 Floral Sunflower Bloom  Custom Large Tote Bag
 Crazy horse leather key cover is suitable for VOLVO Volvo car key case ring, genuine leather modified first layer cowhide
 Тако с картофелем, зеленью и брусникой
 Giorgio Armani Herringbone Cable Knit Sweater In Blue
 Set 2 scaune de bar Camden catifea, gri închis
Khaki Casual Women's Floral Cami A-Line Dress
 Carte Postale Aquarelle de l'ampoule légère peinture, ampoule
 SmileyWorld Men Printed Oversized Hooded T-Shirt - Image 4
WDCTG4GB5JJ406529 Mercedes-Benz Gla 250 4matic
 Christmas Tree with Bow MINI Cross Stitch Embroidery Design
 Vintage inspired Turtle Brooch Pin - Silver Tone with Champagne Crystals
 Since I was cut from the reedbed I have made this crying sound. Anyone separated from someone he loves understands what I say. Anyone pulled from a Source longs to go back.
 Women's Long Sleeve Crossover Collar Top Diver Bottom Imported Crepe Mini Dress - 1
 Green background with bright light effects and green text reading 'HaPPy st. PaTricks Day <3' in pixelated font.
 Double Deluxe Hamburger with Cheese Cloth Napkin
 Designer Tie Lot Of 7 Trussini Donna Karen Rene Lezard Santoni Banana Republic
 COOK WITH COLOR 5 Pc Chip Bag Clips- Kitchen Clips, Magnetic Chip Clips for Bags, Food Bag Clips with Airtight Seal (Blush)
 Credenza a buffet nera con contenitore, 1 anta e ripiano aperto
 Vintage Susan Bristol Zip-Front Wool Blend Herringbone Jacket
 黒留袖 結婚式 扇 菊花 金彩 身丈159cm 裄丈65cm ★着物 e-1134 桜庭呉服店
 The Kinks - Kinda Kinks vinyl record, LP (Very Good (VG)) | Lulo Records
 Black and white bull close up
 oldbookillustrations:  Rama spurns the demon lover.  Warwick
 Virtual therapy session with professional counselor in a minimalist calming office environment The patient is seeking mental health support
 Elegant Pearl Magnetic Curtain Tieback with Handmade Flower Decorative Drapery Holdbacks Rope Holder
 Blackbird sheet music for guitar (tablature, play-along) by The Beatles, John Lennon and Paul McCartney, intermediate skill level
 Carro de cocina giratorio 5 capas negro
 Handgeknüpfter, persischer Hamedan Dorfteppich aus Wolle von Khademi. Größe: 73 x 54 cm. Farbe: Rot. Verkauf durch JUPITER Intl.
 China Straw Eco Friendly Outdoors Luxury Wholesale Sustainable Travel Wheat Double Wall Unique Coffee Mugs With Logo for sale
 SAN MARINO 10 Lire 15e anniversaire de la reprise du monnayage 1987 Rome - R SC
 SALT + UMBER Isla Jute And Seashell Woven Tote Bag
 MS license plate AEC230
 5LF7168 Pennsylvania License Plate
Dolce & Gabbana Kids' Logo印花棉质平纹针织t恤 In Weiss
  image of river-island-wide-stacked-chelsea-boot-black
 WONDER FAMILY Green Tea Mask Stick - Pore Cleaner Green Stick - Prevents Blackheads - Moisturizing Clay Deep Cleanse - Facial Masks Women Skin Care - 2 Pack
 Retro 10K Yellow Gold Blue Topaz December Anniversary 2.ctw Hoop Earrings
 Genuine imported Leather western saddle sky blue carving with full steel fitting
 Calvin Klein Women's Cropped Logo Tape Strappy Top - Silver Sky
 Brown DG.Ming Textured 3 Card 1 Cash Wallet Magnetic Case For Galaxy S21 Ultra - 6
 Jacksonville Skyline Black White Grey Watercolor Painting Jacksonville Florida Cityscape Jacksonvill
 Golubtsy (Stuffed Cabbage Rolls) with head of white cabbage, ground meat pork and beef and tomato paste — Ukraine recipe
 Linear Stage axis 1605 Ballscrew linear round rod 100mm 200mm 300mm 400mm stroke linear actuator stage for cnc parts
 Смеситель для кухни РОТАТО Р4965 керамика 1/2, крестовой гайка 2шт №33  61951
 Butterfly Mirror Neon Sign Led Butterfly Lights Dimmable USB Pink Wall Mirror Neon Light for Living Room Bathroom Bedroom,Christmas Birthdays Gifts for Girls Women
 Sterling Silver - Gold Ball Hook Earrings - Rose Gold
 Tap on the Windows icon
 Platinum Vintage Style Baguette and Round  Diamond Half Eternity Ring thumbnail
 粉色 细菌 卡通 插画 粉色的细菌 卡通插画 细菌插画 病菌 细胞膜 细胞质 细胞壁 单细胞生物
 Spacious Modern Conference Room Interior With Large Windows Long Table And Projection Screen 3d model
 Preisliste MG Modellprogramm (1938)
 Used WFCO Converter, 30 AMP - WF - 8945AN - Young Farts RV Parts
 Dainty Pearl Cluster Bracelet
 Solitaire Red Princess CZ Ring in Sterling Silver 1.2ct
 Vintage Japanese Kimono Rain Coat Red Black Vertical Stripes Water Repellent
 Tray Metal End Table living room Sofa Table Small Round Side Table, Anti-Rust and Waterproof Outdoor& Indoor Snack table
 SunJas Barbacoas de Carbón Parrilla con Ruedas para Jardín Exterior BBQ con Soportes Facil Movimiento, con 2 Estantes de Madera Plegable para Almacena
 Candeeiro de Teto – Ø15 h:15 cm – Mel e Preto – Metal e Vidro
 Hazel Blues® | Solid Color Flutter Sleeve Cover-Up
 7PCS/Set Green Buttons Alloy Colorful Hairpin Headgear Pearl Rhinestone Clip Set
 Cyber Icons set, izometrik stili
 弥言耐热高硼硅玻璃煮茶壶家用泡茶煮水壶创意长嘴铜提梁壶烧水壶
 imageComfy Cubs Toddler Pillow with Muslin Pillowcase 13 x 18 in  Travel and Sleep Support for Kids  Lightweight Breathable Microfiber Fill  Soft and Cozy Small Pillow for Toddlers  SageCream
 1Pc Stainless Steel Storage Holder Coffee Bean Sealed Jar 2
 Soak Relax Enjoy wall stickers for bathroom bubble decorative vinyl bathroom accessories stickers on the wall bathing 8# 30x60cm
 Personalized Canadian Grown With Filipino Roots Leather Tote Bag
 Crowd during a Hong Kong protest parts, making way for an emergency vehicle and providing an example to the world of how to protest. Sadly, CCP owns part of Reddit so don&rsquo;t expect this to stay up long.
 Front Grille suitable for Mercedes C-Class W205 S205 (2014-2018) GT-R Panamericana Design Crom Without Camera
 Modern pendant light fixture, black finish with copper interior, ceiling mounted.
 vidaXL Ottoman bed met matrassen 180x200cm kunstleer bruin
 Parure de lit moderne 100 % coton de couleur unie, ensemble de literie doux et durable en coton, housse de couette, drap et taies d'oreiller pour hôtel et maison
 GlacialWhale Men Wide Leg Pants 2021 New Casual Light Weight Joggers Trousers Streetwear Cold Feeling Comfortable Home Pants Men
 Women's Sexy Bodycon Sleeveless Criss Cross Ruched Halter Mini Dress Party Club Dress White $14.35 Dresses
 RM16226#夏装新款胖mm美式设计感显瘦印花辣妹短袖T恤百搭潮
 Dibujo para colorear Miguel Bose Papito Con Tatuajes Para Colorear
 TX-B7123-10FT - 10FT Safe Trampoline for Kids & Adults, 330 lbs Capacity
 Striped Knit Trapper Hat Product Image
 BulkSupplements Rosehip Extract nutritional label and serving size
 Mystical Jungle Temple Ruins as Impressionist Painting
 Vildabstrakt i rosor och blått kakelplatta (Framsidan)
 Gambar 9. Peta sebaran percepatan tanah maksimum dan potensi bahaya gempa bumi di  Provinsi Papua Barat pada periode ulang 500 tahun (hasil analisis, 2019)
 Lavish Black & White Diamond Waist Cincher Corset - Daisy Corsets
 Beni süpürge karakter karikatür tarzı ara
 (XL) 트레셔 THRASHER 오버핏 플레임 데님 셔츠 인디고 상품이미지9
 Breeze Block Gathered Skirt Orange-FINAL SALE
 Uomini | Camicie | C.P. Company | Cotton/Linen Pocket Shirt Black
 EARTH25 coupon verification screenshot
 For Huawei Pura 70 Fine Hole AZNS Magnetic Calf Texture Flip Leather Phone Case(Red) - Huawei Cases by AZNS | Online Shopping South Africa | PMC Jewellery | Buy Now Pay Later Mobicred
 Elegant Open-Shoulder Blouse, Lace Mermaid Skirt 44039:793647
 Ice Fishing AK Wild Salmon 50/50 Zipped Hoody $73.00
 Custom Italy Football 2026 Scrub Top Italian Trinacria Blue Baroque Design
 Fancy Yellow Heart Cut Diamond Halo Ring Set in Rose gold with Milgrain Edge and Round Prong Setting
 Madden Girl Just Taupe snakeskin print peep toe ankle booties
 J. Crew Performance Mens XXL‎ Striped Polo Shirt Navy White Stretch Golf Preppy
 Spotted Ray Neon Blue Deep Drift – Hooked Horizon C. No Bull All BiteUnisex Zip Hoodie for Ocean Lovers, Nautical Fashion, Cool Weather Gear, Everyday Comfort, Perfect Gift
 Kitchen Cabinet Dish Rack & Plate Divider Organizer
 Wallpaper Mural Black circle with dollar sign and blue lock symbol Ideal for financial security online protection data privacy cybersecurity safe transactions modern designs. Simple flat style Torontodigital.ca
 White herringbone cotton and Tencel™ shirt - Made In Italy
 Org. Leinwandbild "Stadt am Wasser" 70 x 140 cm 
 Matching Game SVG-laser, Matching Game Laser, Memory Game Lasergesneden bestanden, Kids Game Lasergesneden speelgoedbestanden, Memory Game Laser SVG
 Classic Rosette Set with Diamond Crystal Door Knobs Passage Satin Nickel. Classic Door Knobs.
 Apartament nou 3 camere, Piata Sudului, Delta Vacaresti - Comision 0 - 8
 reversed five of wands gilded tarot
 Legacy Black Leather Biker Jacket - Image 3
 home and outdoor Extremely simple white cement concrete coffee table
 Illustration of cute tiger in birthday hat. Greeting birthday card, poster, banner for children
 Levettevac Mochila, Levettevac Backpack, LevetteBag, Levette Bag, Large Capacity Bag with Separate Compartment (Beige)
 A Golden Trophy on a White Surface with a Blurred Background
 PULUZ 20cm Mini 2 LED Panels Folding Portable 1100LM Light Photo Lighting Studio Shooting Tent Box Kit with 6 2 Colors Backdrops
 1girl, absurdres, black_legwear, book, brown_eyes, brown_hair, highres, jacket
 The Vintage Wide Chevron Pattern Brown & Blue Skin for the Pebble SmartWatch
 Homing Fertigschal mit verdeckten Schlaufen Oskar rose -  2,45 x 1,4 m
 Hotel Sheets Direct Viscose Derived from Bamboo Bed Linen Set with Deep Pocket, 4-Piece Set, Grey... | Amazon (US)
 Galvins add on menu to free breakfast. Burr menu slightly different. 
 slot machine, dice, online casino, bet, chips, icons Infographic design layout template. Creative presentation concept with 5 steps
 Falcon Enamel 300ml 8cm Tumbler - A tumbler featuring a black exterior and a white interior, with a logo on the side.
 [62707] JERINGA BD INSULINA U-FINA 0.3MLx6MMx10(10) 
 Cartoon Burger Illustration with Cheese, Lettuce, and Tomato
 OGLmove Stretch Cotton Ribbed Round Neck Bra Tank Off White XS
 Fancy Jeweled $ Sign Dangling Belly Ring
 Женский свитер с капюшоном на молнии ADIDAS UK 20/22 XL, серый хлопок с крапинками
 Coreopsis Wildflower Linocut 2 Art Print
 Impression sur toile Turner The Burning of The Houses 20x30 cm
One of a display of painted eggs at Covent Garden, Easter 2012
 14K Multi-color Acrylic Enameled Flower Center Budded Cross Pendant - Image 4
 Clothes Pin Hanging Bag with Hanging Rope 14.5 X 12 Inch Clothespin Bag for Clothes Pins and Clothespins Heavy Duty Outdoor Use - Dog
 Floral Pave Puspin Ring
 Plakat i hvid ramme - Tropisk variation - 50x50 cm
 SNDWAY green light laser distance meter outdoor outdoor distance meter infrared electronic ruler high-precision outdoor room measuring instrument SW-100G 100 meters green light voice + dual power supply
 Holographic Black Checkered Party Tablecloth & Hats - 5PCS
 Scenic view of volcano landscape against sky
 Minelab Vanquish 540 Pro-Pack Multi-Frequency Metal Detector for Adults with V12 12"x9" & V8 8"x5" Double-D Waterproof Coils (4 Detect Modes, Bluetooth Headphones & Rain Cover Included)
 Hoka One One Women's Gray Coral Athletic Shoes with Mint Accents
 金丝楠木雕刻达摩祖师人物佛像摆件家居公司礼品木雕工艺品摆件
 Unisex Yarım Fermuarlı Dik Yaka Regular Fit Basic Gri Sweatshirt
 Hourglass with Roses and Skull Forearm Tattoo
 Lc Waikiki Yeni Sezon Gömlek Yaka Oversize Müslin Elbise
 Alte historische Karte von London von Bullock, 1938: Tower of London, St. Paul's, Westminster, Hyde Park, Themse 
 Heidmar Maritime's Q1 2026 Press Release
---+---
▶ [Required work] Return, word for word, the lines of the data above from the line with "Preisliste MG Modellprogramm (1938)" through the line with "Front Grille suitable", inclusive.

▶ [Task solution]
 Preisliste MG Modellprogramm (1938)
 Used WFCO Converter, 30 AMP - WF - 8945AN - Young Farts RV Parts
 Dainty Pearl Cluster Bracelet
 Solitaire Red Princess CZ Ring in Sterling Silver 1.2ct
 Vintage Japanese Kimono Rain Coat Red Black Vertical Stripes Water Repellent
 Tray Metal End Table living room Sofa Table Small Round Side Table, Anti-Rust and Waterproof Outdoor& Indoor Snack table
 SunJas Barbacoas de Carbón Parrilla con Ruedas para Jardín Exterior BBQ con Soportes Facil Movimiento, con 2 Estantes de Madera Plegable para Almacena
 Candeeiro de Teto – Ø15 h:15 cm – Mel e Preto – Metal e Vidro
 Hazel Blues® | Solid Color Flutter Sleeve Cover-Up
 7PCS/Set Green Buttons Alloy Colorful Hairpin Headgear Pearl Rhinestone Clip Set
 Cyber Icons set, izometrik stili
 弥言耐热高硼硅玻璃煮茶壶家用泡茶煮水壶创意长嘴铜提梁壶烧水壶
 imageComfy Cubs Toddler Pillow with Muslin Pillowcase 13 x 18 in  Travel and Sleep Support for Kids  Lightweight Breathable Microfiber Fill  Soft and Cozy Small Pillow for Toddlers  SageCream
 1Pc Stainless Steel Storage Holder Coffee Bean Sealed Jar 2
 Soak Relax Enjoy wall stickers for bathroom bubble decorative vinyl bathroom accessories stickers on the wall bathing 8# 30x60cm
 Personalized Canadian Grown With Filipino Roots Leather Tote Bag
 Crowd during a Hong Kong protest parts, making way for an emergency vehicle and providing an example to the world of how to protest. Sadly, CCP owns part of Reddit so don&rsquo;t expect this to stay up long.
 Front Grille suitable for Mercedes C-Class W205 S205 (2014-2018) GT-R Panamericana Design Crom Without Camera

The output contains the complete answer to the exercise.